(Crawled caption data)
# # # # #

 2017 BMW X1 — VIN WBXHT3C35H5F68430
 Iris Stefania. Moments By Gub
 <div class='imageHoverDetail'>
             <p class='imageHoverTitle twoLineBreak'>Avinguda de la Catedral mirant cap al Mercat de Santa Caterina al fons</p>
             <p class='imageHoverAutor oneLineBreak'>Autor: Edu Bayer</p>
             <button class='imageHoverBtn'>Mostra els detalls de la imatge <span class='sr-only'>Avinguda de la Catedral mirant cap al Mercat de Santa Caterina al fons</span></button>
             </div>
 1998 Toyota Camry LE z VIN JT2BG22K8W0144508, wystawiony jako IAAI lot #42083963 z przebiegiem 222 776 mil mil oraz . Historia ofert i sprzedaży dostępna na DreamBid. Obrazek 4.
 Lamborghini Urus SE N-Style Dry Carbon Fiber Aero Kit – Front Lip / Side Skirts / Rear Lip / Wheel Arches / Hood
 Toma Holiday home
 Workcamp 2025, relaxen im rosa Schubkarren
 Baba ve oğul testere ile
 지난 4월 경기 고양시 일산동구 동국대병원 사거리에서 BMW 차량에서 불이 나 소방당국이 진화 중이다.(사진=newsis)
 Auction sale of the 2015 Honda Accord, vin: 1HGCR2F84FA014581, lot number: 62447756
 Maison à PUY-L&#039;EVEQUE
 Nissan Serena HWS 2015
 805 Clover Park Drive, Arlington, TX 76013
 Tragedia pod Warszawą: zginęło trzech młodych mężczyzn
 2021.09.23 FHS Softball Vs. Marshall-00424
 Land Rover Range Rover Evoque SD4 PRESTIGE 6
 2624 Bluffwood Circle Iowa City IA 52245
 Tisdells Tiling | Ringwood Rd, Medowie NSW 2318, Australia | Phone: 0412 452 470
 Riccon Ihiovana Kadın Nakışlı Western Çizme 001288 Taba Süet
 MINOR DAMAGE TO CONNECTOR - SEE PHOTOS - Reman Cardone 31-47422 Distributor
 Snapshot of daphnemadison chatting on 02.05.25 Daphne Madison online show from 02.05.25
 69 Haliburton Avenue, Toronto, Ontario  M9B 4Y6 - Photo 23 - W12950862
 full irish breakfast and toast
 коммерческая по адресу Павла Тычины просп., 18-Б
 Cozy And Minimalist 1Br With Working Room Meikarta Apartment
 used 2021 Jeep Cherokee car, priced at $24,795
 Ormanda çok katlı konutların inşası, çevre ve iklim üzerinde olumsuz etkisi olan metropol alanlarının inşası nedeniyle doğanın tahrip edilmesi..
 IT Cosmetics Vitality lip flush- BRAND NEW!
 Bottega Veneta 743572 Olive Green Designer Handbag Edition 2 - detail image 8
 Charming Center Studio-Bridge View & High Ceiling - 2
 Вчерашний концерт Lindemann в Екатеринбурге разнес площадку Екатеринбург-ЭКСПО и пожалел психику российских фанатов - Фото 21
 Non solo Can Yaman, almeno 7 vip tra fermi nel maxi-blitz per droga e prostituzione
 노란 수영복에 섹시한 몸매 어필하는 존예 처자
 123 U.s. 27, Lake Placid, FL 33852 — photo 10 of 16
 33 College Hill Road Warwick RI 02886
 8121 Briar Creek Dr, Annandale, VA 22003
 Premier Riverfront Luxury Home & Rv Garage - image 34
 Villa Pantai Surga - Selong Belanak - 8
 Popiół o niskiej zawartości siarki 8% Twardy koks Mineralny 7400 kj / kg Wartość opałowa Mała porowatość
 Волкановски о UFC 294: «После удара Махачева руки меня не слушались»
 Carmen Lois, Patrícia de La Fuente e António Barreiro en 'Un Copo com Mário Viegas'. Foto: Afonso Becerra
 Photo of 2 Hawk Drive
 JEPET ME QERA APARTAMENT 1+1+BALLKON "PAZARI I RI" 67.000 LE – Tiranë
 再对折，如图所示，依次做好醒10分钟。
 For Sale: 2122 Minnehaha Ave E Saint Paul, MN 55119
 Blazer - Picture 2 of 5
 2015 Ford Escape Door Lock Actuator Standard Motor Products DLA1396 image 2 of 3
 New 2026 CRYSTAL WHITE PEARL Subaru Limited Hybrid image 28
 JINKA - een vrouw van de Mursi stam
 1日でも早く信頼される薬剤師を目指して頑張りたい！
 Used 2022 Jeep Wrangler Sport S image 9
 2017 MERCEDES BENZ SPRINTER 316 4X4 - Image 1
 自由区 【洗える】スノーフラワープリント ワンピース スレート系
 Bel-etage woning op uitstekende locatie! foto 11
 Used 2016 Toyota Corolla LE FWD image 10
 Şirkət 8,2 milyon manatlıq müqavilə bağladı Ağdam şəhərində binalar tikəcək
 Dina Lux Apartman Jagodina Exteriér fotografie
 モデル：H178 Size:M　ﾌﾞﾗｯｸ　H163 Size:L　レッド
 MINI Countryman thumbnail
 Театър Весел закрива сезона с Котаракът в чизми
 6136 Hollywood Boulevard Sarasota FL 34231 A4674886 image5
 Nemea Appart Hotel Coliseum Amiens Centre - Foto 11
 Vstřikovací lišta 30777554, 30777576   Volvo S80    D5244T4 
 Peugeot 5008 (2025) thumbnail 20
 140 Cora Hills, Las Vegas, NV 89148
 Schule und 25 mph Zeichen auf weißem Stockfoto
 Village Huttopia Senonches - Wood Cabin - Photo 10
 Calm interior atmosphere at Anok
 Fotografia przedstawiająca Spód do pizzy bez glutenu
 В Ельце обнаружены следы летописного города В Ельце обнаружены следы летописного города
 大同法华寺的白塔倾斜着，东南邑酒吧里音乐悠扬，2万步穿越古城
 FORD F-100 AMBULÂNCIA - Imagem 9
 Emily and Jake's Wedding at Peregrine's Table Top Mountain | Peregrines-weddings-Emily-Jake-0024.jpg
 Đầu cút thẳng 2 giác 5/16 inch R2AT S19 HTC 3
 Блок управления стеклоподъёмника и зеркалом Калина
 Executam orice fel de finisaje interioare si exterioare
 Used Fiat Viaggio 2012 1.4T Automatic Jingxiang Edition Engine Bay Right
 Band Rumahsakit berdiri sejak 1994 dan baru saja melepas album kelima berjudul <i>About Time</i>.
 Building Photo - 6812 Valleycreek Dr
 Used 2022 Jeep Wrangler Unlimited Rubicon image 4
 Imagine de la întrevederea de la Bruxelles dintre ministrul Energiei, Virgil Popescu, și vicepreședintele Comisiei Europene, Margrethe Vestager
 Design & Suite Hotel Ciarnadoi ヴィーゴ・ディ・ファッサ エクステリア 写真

# # # # #

Directions
Reproduce all records exactly, without omissions.

Answer space
 2017 BMW X1 — VIN WBXHT3C35H5F68430
 Iris Stefania. Moments By Gub
 <div class='imageHoverDetail'>
             <p class='imageHoverTitle twoLineBreak'>Avinguda de la Catedral mirant cap al Mercat de Santa Caterina al fons</p>
             <p class='imageHoverAutor oneLineBreak'>Autor: Edu Bayer</p>
             <button class='imageHoverBtn'>Mostra els detalls de la imatge <span class='sr-only'>Avinguda de la Catedral mirant cap al Mercat de Santa Caterina al fons</span></button>
             </div>
 1998 Toyota Camry LE z VIN JT2BG22K8W0144508, wystawiony jako IAAI lot #42083963 z przebiegiem 222 776 mil mil oraz . Historia ofert i sprzedaży dostępna na DreamBid. Obrazek 4.
 Lamborghini Urus SE N-Style Dry Carbon Fiber Aero Kit – Front Lip / Side Skirts / Rear Lip / Wheel Arches / Hood
 Toma Holiday home
 Workcamp 2025, relaxen im rosa Schubkarren
 Baba ve oğul testere ile
 지난 4월 경기 고양시 일산동구 동국대병원 사거리에서 BMW 차량에서 불이 나 소방당국이 진화 중이다.(사진=newsis)
 Auction sale of the 2015 Honda Accord, vin: 1HGCR2F84FA014581, lot number: 62447756
 Maison à PUY-L&#039;EVEQUE
 Nissan Serena HWS 2015
 805 Clover Park Drive, Arlington, TX 76013
 Tragedia pod Warszawą: zginęło trzech młodych mężczyzn
 2021.09.23 FHS Softball Vs. Marshall-00424
 Land Rover Range Rover Evoque SD4 PRESTIGE 6
 2624 Bluffwood Circle Iowa City IA 52245
 Tisdells Tiling | Ringwood Rd, Medowie NSW 2318, Australia | Phone: 0412 452 470
 Riccon Ihiovana Kadın Nakışlı Western Çizme 001288 Taba Süet
 MINOR DAMAGE TO CONNECTOR - SEE PHOTOS - Reman Cardone 31-47422 Distributor
 Snapshot of daphnemadison chatting on 02.05.25 Daphne Madison online show from 02.05.25
 69 Haliburton Avenue, Toronto, Ontario  M9B 4Y6 - Photo 23 - W12950862
 full irish breakfast and toast
 коммерческая по адресу Павла Тычины просп., 18-Б
 Cozy And Minimalist 1Br With Working Room Meikarta Apartment
 used 2021 Jeep Cherokee car, priced at $24,795
 Ormanda çok katlı konutların inşası, çevre ve iklim üzerinde olumsuz etkisi olan metropol alanlarının inşası nedeniyle doğanın tahrip edilmesi..
 IT Cosmetics Vitality lip flush- BRAND NEW!
 Bottega Veneta 743572 Olive Green Designer Handbag Edition 2 - detail image 8
 Charming Center Studio-Bridge View & High Ceiling - 2
 Вчерашний концерт Lindemann в Екатеринбурге разнес площадку Екатеринбург-ЭКСПО и пожалел психику российских фанатов - Фото 21
 Non solo Can Yaman, almeno 7 vip tra fermi nel maxi-blitz per droga e prostituzione
 노란 수영복에 섹시한 몸매 어필하는 존예 처자
 123 U.s. 27, Lake Placid, FL 33852 — photo 10 of 16
 33 College Hill Road Warwick RI 02886
 8121 Briar Creek Dr, Annandale, VA 22003
 Premier Riverfront Luxury Home & Rv Garage - image 34
 Villa Pantai Surga - Selong Belanak - 8
 Popiół o niskiej zawartości siarki 8% Twardy koks Mineralny 7400 kj / kg Wartość opałowa Mała porowatość
 Волкановски о UFC 294: «После удара Махачева руки меня не слушались»
 Carmen Lois, Patrícia de La Fuente e António Barreiro en 'Un Copo com Mário Viegas'. Foto: Afonso Becerra
 Photo of 2 Hawk Drive
 JEPET ME QERA APARTAMENT 1+1+BALLKON "PAZARI I RI" 67.000 LE – Tiranë
 再对折，如图所示，依次做好醒10分钟。
 For Sale: 2122 Minnehaha Ave E Saint Paul, MN 55119
 Blazer - Picture 2 of 5
 2015 Ford Escape Door Lock Actuator Standard Motor Products DLA1396 image 2 of 3
 New 2026 CRYSTAL WHITE PEARL Subaru Limited Hybrid image 28
 JINKA - een vrouw van de Mursi stam
 1日でも早く信頼される薬剤師を目指して頑張りたい！
 Used 2022 Jeep Wrangler Sport S image 9
 2017 MERCEDES BENZ SPRINTER 316 4X4 - Image 1
 自由区 【洗える】スノーフラワープリント ワンピース スレート系
 Bel-etage woning op uitstekende locatie! foto 11
 Used 2016 Toyota Corolla LE FWD image 10
 Şirkət 8,2 milyon manatlıq müqavilə bağladı Ağdam şəhərində binalar tikəcək
 Dina Lux Apartman Jagodina Exteriér fotografie
 モデル：H178 Size:M　ﾌﾞﾗｯｸ　H163 Size:L　レッド
 MINI Countryman thumbnail
 Театър Весел закрива сезона с Котаракът в чизми
 6136 Hollywood Boulevard Sarasota FL 34231 A4674886 image5
 Nemea Appart Hotel Coliseum Amiens Centre - Foto 11
 Vstřikovací lišta 30777554, 30777576   Volvo S80    D5244T4 
 Peugeot 5008 (2025) thumbnail 20
 140 Cora Hills, Las Vegas, NV 89148
 Schule und 25 mph Zeichen auf weißem Stockfoto
 Village Huttopia Senonches - Wood Cabin - Photo 10
 Calm interior atmosphere at Anok
 Fotografia przedstawiająca Spód do pizzy bez glutenu
 В Ельце обнаружены следы летописного города В Ельце обнаружены следы летописного города
 大同法华寺的白塔倾斜着，东南邑酒吧里音乐悠扬，2万步穿越古城
 FORD F-100 AMBULÂNCIA - Imagem 9
 Emily and Jake's Wedding at Peregrine's Table Top Mountain | Peregrines-weddings-Emily-Jake-0024.jpg
 Đầu cút thẳng 2 giác 5/16 inch R2AT S19 HTC 3
 Блок управления стеклоподъёмника и зеркалом Калина
 Executam orice fel de finisaje interioare si exterioare
 Used Fiat Viaggio 2012 1.4T Automatic Jingxiang Edition Engine Bay Right
 Band Rumahsakit berdiri sejak 1994 dan baru saja melepas album kelima berjudul <i>About Time</i>.
 Building Photo - 6812 Valleycreek Dr
 Used 2022 Jeep Wrangler Unlimited Rubicon image 4
 Imagine de la întrevederea de la Bruxelles dintre ministrul Energiei, Virgil Popescu, și vicepreședintele Comisiei Europene, Margrethe Vestager
 Design & Suite Hotel Ciarnadoi ヴィーゴ・ディ・ファッサ エクステリア 写真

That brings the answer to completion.